The copy must hold every line from the one with "this 300×300 image." through the end of the listing, word for word, and must hold no pictures.

*** MATERIAL FOR THIS TASK Section Begins ***

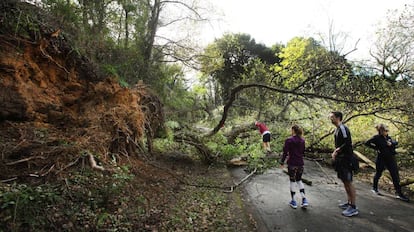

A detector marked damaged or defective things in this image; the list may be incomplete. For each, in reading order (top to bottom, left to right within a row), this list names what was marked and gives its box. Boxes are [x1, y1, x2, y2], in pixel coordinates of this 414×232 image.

cracked asphalt road [231, 160, 414, 232]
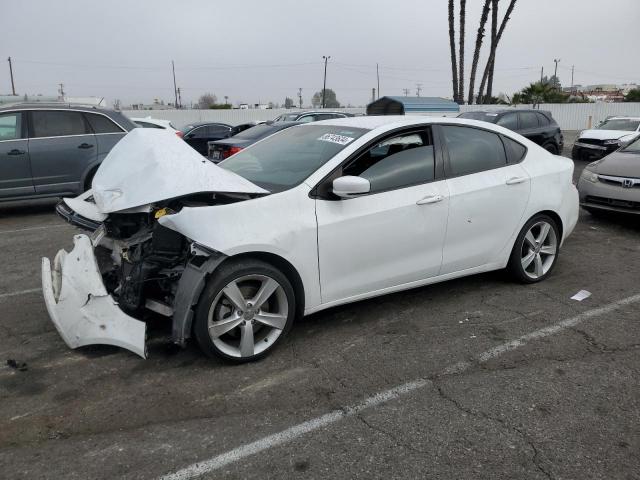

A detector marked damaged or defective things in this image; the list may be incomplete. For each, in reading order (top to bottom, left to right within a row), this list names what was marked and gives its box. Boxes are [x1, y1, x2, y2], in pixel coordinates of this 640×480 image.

crushed hood [92, 128, 268, 213]
crumpled front end [42, 232, 147, 356]
detached front bumper [42, 234, 148, 358]
damaged white car [41, 117, 580, 360]
parking lot crack [436, 380, 556, 478]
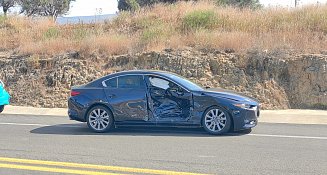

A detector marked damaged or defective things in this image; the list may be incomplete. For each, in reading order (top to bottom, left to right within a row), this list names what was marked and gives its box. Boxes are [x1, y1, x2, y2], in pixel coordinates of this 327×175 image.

damaged car [68, 70, 260, 135]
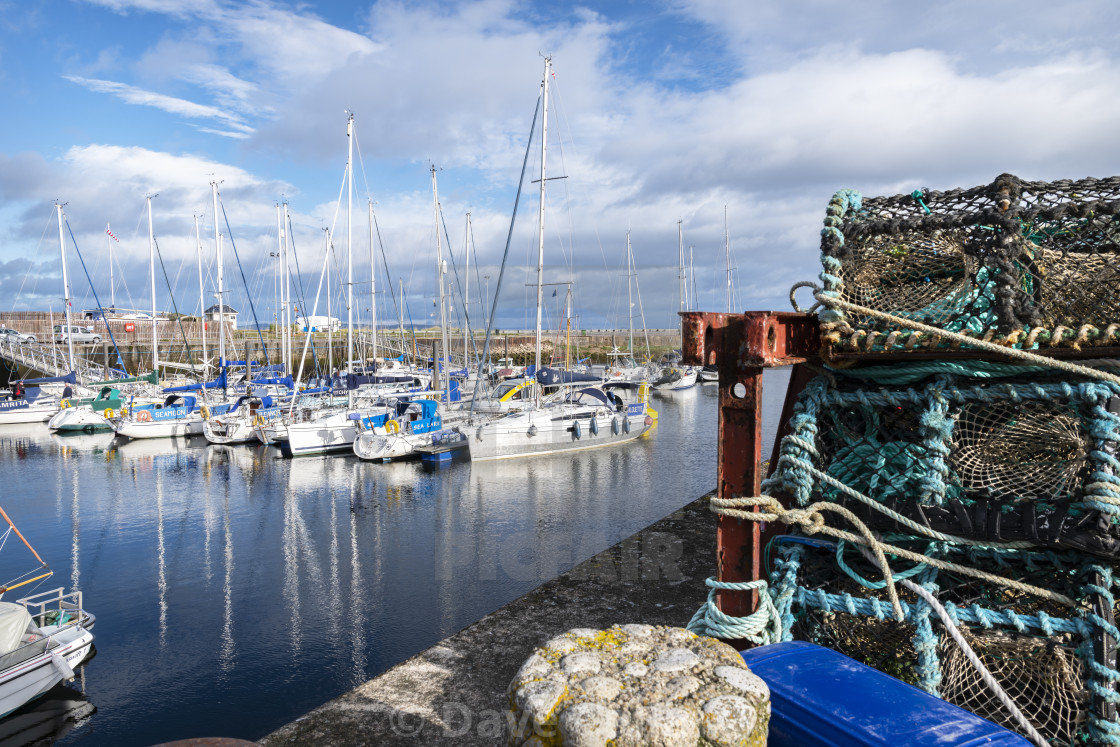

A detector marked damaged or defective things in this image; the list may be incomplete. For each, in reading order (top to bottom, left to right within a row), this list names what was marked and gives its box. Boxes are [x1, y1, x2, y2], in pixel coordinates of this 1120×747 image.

rusty metal post [680, 310, 820, 624]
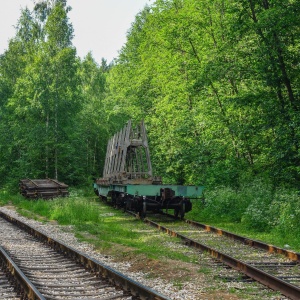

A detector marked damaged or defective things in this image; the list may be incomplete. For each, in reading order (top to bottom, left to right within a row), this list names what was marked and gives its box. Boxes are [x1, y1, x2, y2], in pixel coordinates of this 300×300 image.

rusted metal [19, 178, 69, 199]
rusted metal [142, 217, 300, 298]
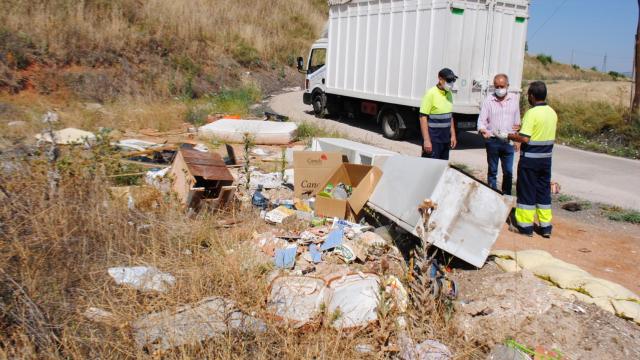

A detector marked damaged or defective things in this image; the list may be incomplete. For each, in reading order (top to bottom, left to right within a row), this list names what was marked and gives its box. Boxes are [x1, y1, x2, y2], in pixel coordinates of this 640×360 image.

rusty metal sheet [179, 147, 234, 181]
broken concrete block [132, 296, 264, 352]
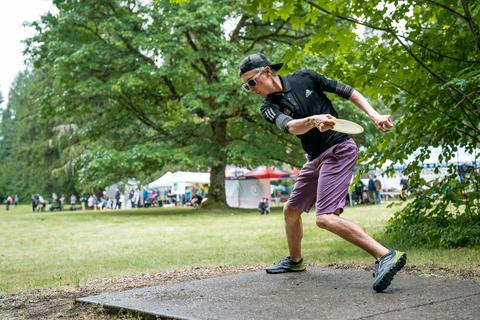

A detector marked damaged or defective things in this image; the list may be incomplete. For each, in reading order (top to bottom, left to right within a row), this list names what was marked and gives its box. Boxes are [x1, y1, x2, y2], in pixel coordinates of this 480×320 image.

*** MATERIAL FOR THIS TASK Section Ends ***

SOLVED PROBLEM
A detector marked damaged or defective things in this image; the list may be incomplete. For each, in reading order (top to bottom, left to right within a row), this list names what was marked and gives its box. Boxes are [x1, y1, x2, y2], in pixel coordinates of this 300×300 image.

rusted metal [19, 178, 69, 199]
rusted metal [142, 217, 300, 298]

A detector marked damaged or defective things in this image; the list may be incomplete. For each, in reading order (top to bottom, left to right within a row), this list names what was marked and gives its box. Boxes are [x1, y1, x2, y2], in pixel coordinates of this 640×360 image.

rusty metal sheet [179, 147, 234, 181]
broken concrete block [132, 296, 264, 352]

A detector marked damaged or defective things in this image; the list may be incomplete. For each, in reading order (top to bottom, left to right within a row), this list names what was marked and gives its box. Boxes are [x1, y1, x2, y2], in pixel coordinates of this 480×320 image.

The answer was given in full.